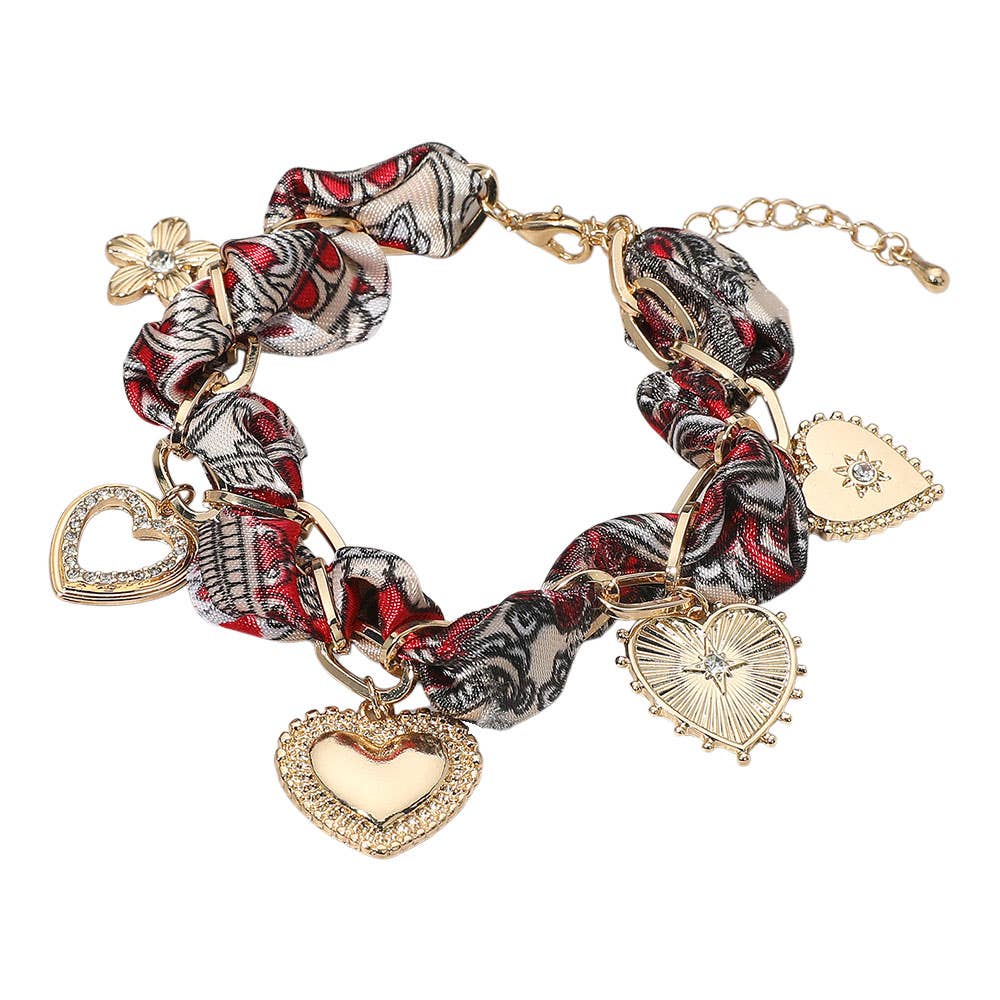 Bracelet with heart-shaped charms and patterned links on a white background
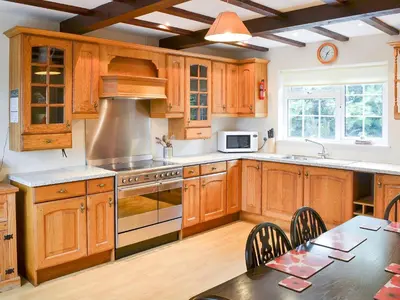 a kitchen with wooden cabinets and a table with a dining room at Poppy Cottage in Crantock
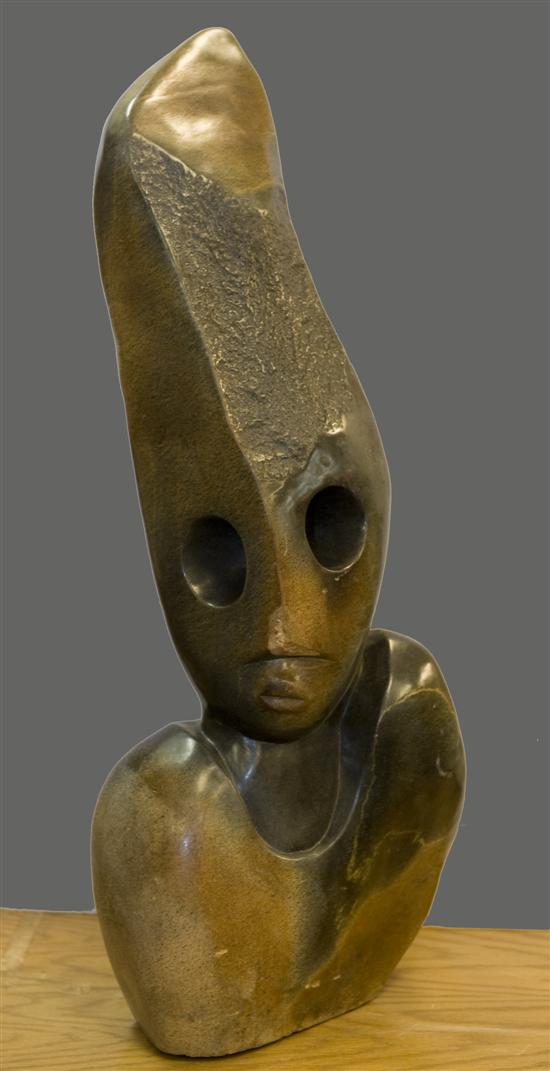 Appraisal: African polished hard stone sculpture of a face Statue having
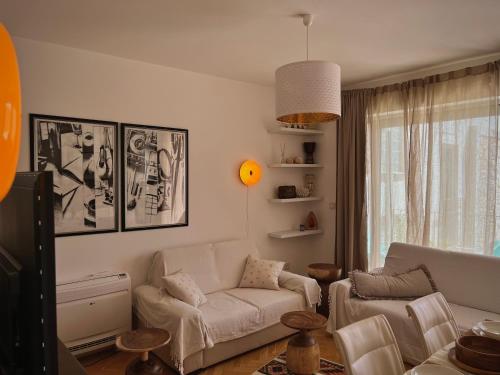 a living room with a couch and a chair at The Legendary Apartment in Dobrota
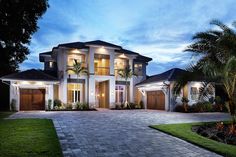 a large house with two car garages and palm trees in the front yard at night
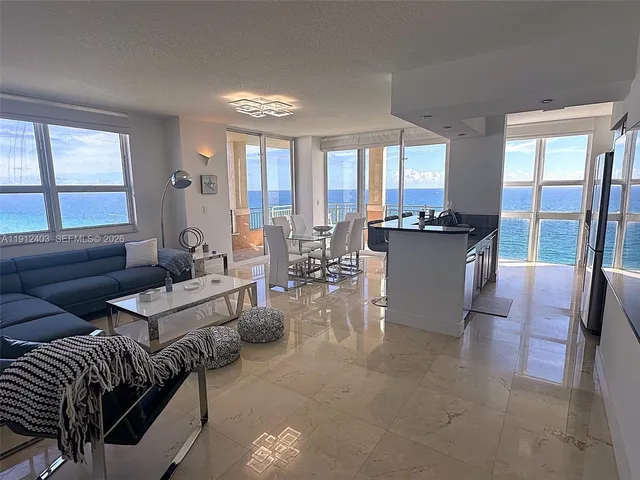 a view of a balcony with furniture and chandelier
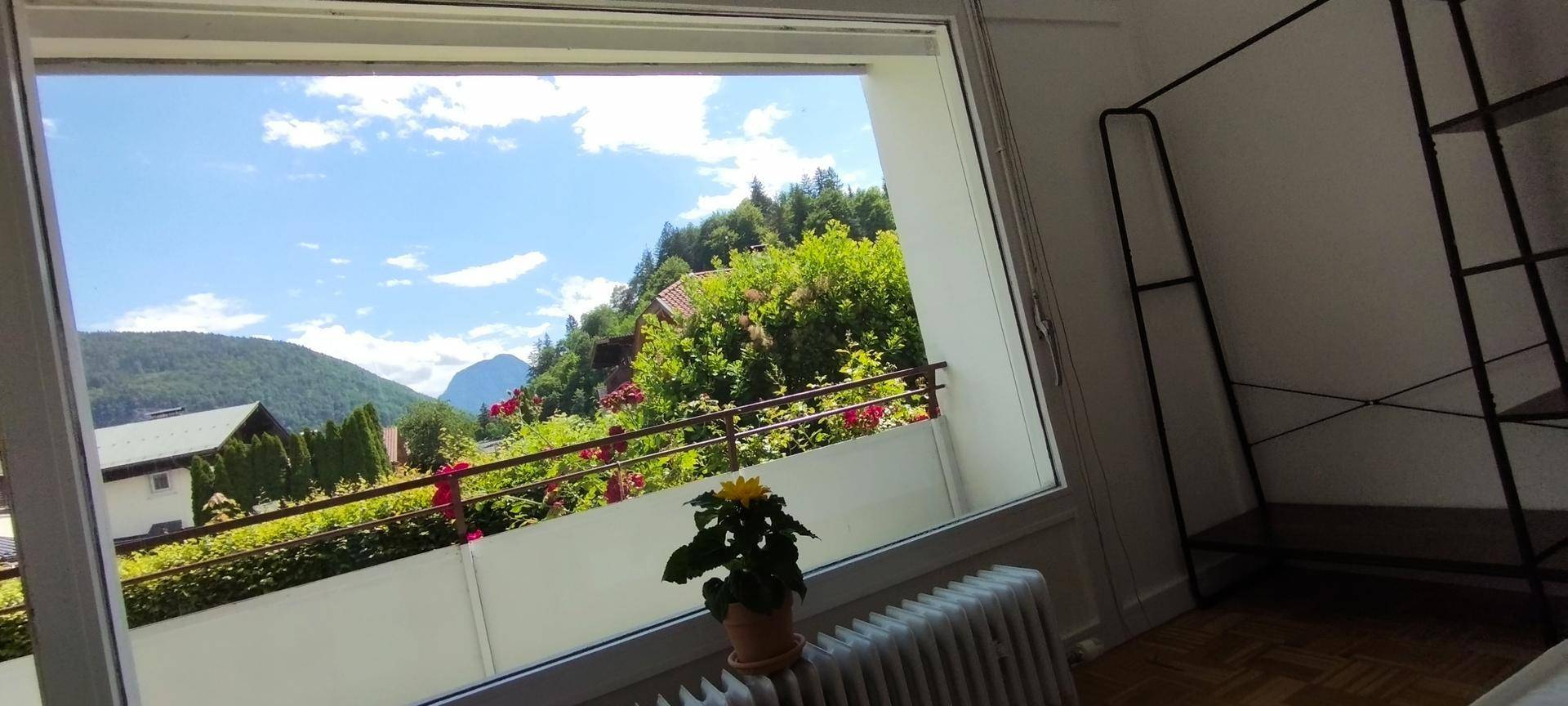 Helles Schlafzimmer mit Balkonzugang und Panoramablick auf die umliegende Berglandschaft und den blauen Himmel.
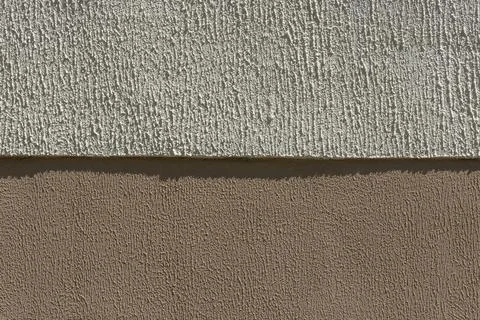 Close-up of the facade of a building plastered with two types of relief plast Stock Photos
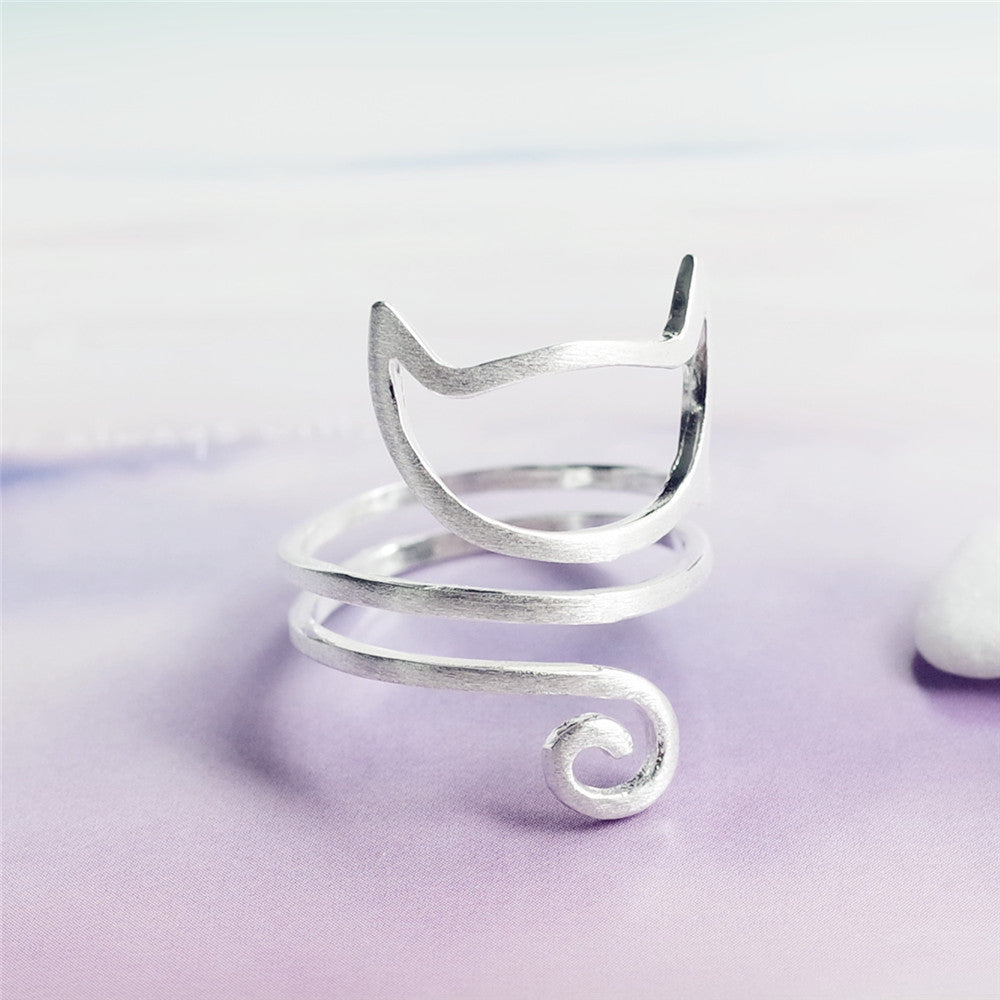 Sterling silver cat ring by Tree of Life Studio with open spiral design and minimalist cat face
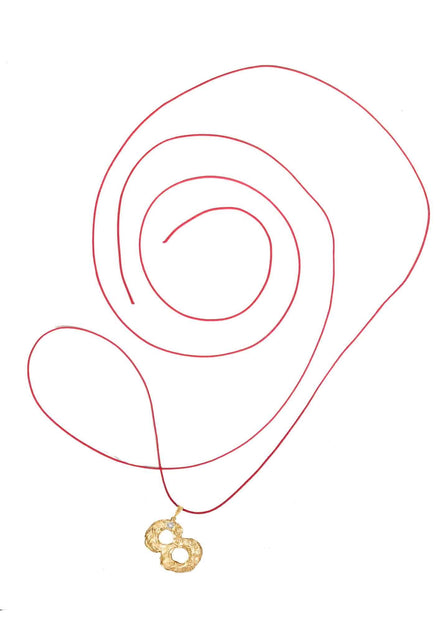 Gold number 8 pendant with a diamond. 14k gold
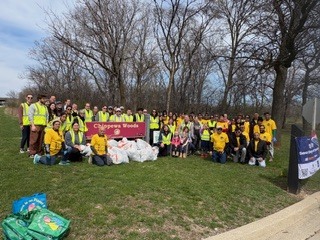 Dozens of volunteers gathered at Axehead Lake during the Earth Month Clean Up on April 11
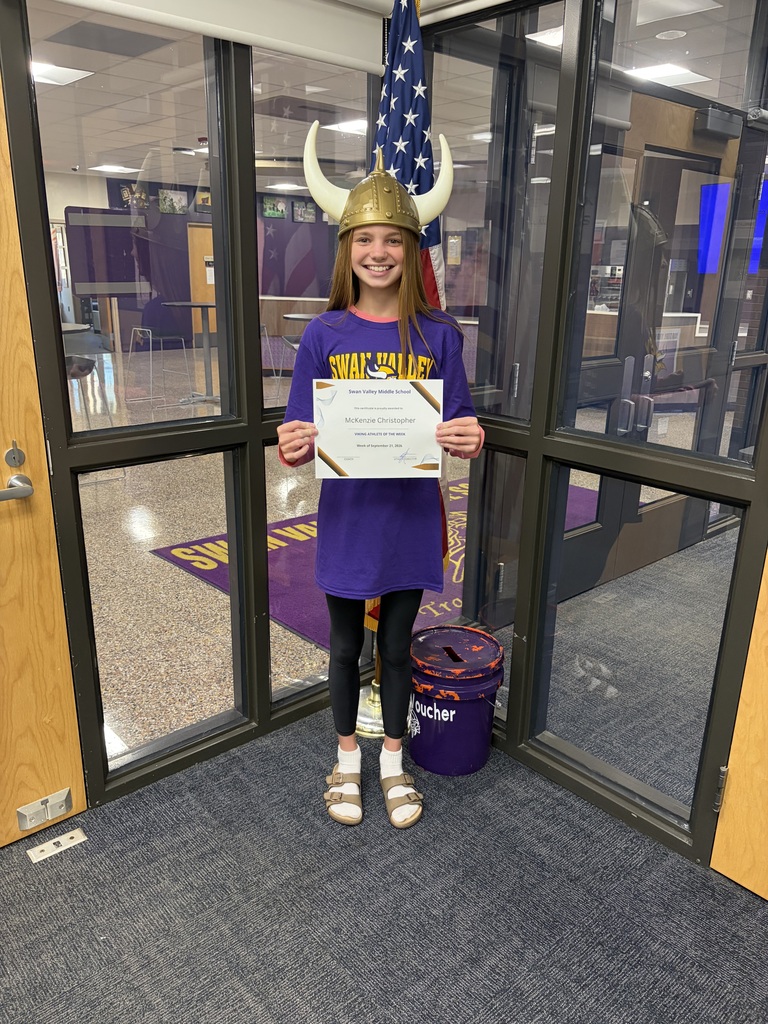 McKenzie Christopher receiving the Viking Athlete of the Week Award for 7th Grade Girls Basketball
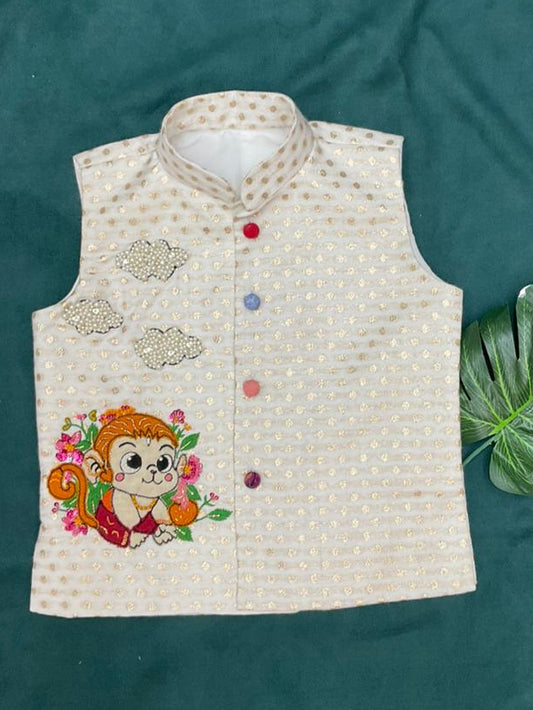 An off-white boys' ethnic Bundi jacket with woven gold zari dots, featuring a hand-embroidered cute baby Hanuman monkey character with pink flowers and three 3D pearl-beaded clouds.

○ ○ ○ ○

-- TO DO --
Look above for the line with "Appraisal: African polished" and the line with "Sterling silver cat". Output those two and everything between them exactly, pictures excluded.

-- RESULT OF THE TASK --
 Appraisal: African polished hard stone sculpture of a face Statue having
 a living room with a couch and a chair at The Legendary Apartment in Dobrota
 a large house with two car garages and palm trees in the front yard at night
 a view of a balcony with furniture and chandelier
 Helles Schlafzimmer mit Balkonzugang und Panoramablick auf die umliegende Berglandschaft und den blauen Himmel.
 Close-up of the facade of a building plastered with two types of relief plast Stock Photos
 Sterling silver cat ring by Tree of Life Studio with open spiral design and minimalist cat face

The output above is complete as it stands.